Generally, there was some friction to capturing tasks on the go. Typing on a phone is tedious, and by the time I’m …
Generally, there was some friction to capturing tasks on the go. Typing on a phone is tedious, and by the time I’m back at my computer, I’ve often forgotten half of what I needed to capture. Capturing all tasks that came up is probably the most important aspect of task management.
Enter voice notes. They’re fast, natural, and perfect for brain dumps. But then you’re stuck with a pile of audio files that need to be transcribed and processed. This was what the Todoist ramble feature offered to solve, and I wanted a rudimentary replica of this. Ultimately, what I made works really well and allows me to even record audio from my smart watch to be processed into my inbox file. It is available here.
The Problem
I wanted to:
- Speak naturally: “Call the dentist next Wednesday, finish the quarterly report by Friday, and study pharmacology tomorrow”
- Have it automatically become properly formatted org-mode tasks with deadlines, scheduled dates, tags, and priorities
- Do it all locally (no sending my voice to cloud APIs)
The Solution
I built a Python script that:
- Watches a folder for new audio recordings (synced via Syncthing from my phone)
- Transcribes them locally using OpenAI’s Whisper
- Parses natural language to extract:
- Individual tasks from rambling speech
- Dates (“next Wednesday”, “by February 26th”, “tomorrow”)
- Context tags (@home, @computer, @phone)

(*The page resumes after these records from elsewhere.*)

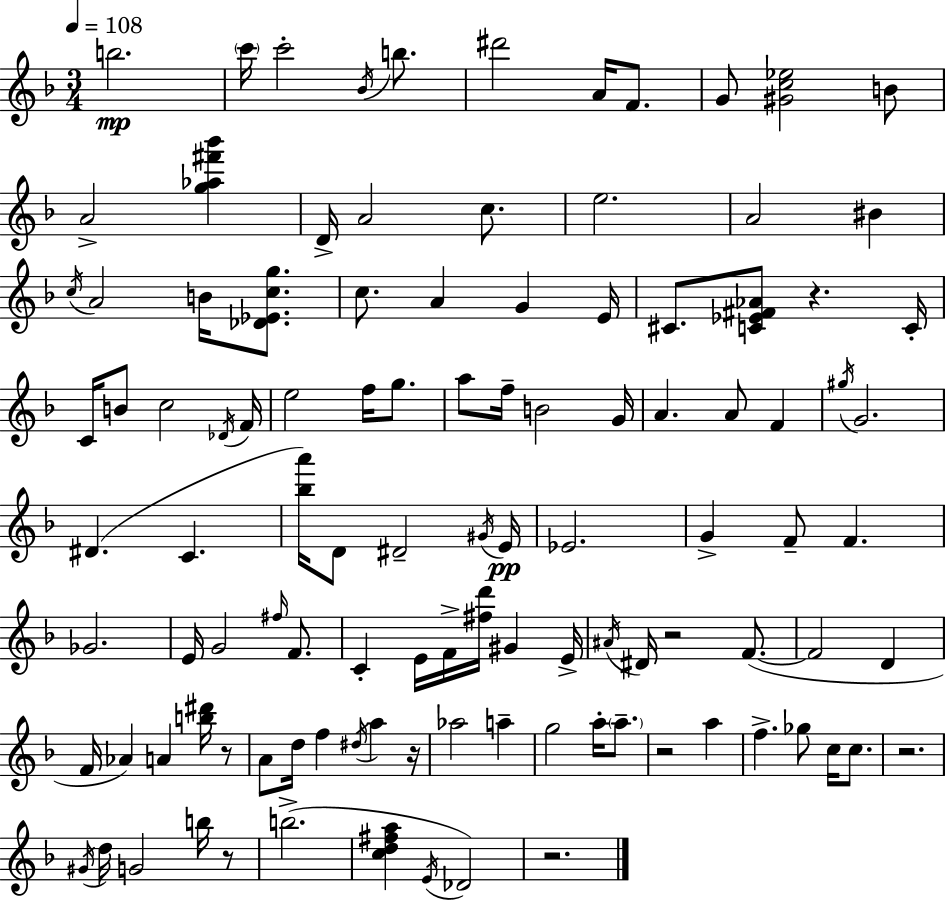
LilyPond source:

{
  \clef treble
  \numericTimeSignature
  \time 3/4
  \key f \major
  \tempo 4 = 108
  \repeat volta 2 { b''2.\mp | \parenthesize c'''16 c'''2-. \acciaccatura { bes'16 } b''8. | dis'''2 a'16 f'8. | g'8 <gis' c'' ees''>2 b'8 | \break a'2-> <g'' aes'' fis''' bes'''>4 | d'16-> a'2 c''8. | e''2. | a'2 bis'4 | \break \acciaccatura { c''16 } a'2 b'16 <des' ees' c'' g''>8. | c''8. a'4 g'4 | e'16 cis'8. <c' ees' fis' aes'>8 r4. | c'16-. c'16 b'8 c''2 | \break \acciaccatura { des'16 } f'16 e''2 f''16 | g''8. a''8 f''16-- b'2 | g'16 a'4. a'8 f'4 | \acciaccatura { gis''16 } g'2. | \break dis'4.( c'4. | <bes'' a'''>16) d'8 dis'2-- | \acciaccatura { gis'16 } e'16\pp ees'2. | g'4-> f'8-- f'4. | \break ges'2. | e'16 g'2 | \grace { fis''16 } f'8. c'4-. e'16 f'16-> | <fis'' d'''>16 gis'4 e'16-> \acciaccatura { ais'16 } dis'16 r2 | \break f'8.~(~ f'2 | d'4 f'16 aes'4) | a'4 <b'' dis'''>16 r8 a'8 d''16 f''4 | \acciaccatura { dis''16 } a''4 r16 aes''2 | \break a''4-- g''2 | a''16-. \parenthesize a''8.-- r2 | a''4 f''4.-> | ges''8 c''16 c''8. r2. | \break \acciaccatura { gis'16 } d''16 g'2 | b''16 r8 b''2.->( | <c'' d'' fis'' a''>4 | \acciaccatura { e'16 }) des'2 r2. | \break } \bar "|."
}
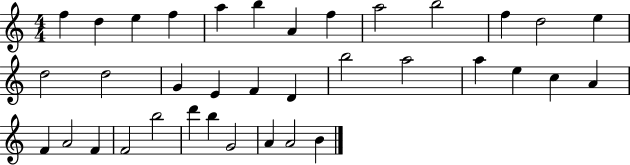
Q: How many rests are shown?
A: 0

- Priorities (“urgent”, “important”)
- Whether something is a deadline vs. scheduled date
- Generates org-mode entries with proper formatting and properties
- Archives the audio for reference
Example
I record on my phone:
Call the dentist next Wednesday, finish quarterly report by Friday tag that as important, and study cardiovascular pharmacology on Tuesday
The python script automatically creates in my inbox.org file:
* TODO Call the dentist
SCHEDULED: <2026-02-12 Wed>
:PROPERTIES:
:RECORDED: [2026-02-08 15:30]
:RECORDING_FILE: Voice_001.m4a
:TRANSCRIPT: Call the dentist next Wednesday...
:END:
* TODO Finish quarterly report
DEADLINE: <2026-02-14 Fri>
[#A]
:PROPERTIES:
:RECORDED: [2026-02-08 15:30]
:RECORDING_FILE: Voice_001.m4a
:TRANSCRIPT: Call the dentist next Wednesday...
:END:
* TODO Study cardiovascular pharmacology :@notetaking:
SCHEDULED: <2026-02-11 Tue>
:PROPERTIES:
:RECORDED: [2026-02-08 15:30]
:RECORDING_FILE: Voice_001.m4a
:TRANSCRIPT: Call the dentist next Wednesday...
:END:
How It Works
The script uses:
- faster-whisper for local transcription (no API calls, fully private)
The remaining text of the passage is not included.